The guilty verdict in the trial of Graham B. Spanier marked a milestone in the long-running tale of misery at Pennsylvania State University. Mr. Spanier served as president of the university for 16 years, until revelations of child sexual abuse involving the former football coach Jerry Sandusky blew up his career and dealt a powerful blow to the institution’s reputation.

A Pennsylvania jury on Friday found Mr. Spanier guilty on one misdemeanor count of child endangerment, while finding him not guilty on another count of endangerment and a count of criminal conspiracy. Though the verdict brought with it fresh reminders of the scandal and threatened to reopen old wounds, it also offered higher-education officials across the country a chance to reflect on how Penn State handled its problems and what others might learn from that.

"University officials will be relieved that yet another chapter in this seemingly unending crisis is closing," said Zach Olsen, president of Infinite Global, a crisis-communications firm that works with colleges and other institutions facing legal challenges or other highly publicized controversies.

The university said in a written statement that the verdict in Mr. Spanier’s trial brought some "closure" to the scandal, which has cost the university about a quarter of a billion dollars in fines, legal costs and settlements.

Looking back at the scope of the situation, higher-education experts said it was clear just how poorly Penn State officials reacted to the events as they unfolded.

"There's no dispute that this was mishandled," said Dan Schorr, who looks at sexual-misconduct and Title IX cases for Kroll, a risk-management and consulting company.

Until recently, Mr. Schorr said, it was not common for universities to vigorously investigate their leadership or popular figures on campus, such as football coaches. The fallout from the Penn State scandal has made it clear that not only should universities quickly undertake such investigations, but also that inquiries need to be independent from the people being investigated and not managed by the campus's president.

Daniel H. Sharphorn, vice chancellor and general counsel for the University of Texas system, said no official at the university can be above reproach from such serious allegations.

"Even a hint, however slight, remote, or incredible of such gross misconduct in one's institution must be carefully and rigorously pursued to find the facts and reach a firm conclusion," he said in an email.

Richard D. Legon, president of the Association of Governing Boards of Universities and Colleges, said the Penn State situation didn't change how he viewed the importance of good governance. Instead, he said, it reinforced the consequences of a poor relationship between the trustees and the president. Presidents need to have a trusting and transparent relationship with trustees in order to bring difficult situations to their attention, Mr. Legon said.

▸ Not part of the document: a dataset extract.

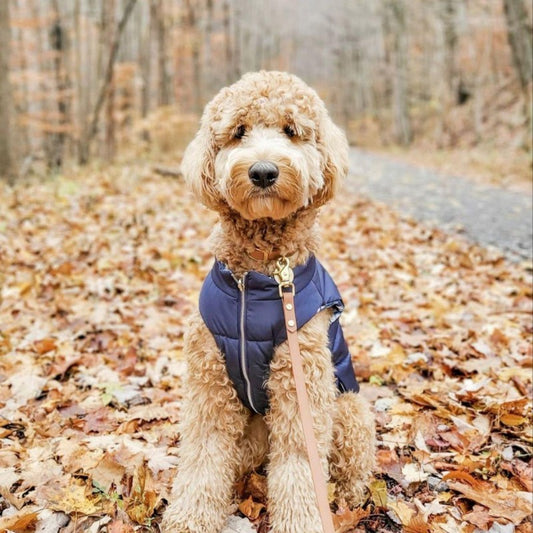 Goldendoodle Dog | Diamond Painting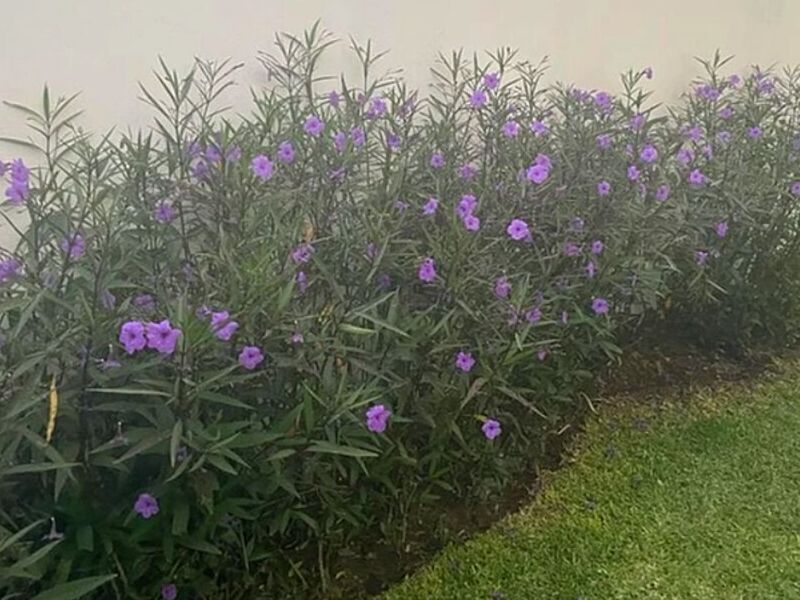 Diseño Jardines Toluca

In addition, he said, everyone on the board needs to be well-informed; there can't be a group of insiders who try to manage the most sensitive issues.

Erin A. Hennessy, vice president at TVP Communications, said the Penn State scandal didn't change practices in crisis communications, but it underscored the importance of clear and honest public information from a college's administration.

"There are real and weighty consequences both for our institutions and for our leaders when they are not truthful, accountable, and transparent," she said in an email.

That need to communicate early may conflict with the more cautious approach of the college's lawyer, she said, but the court of public opinion won't be waiting for the legal outcomes.

"Counsel often advises against early and open communication in order to protect the institution from vulnerabilities," she said. But colleges "open themselves to a whole new set of vulnerabilities if they delay communication."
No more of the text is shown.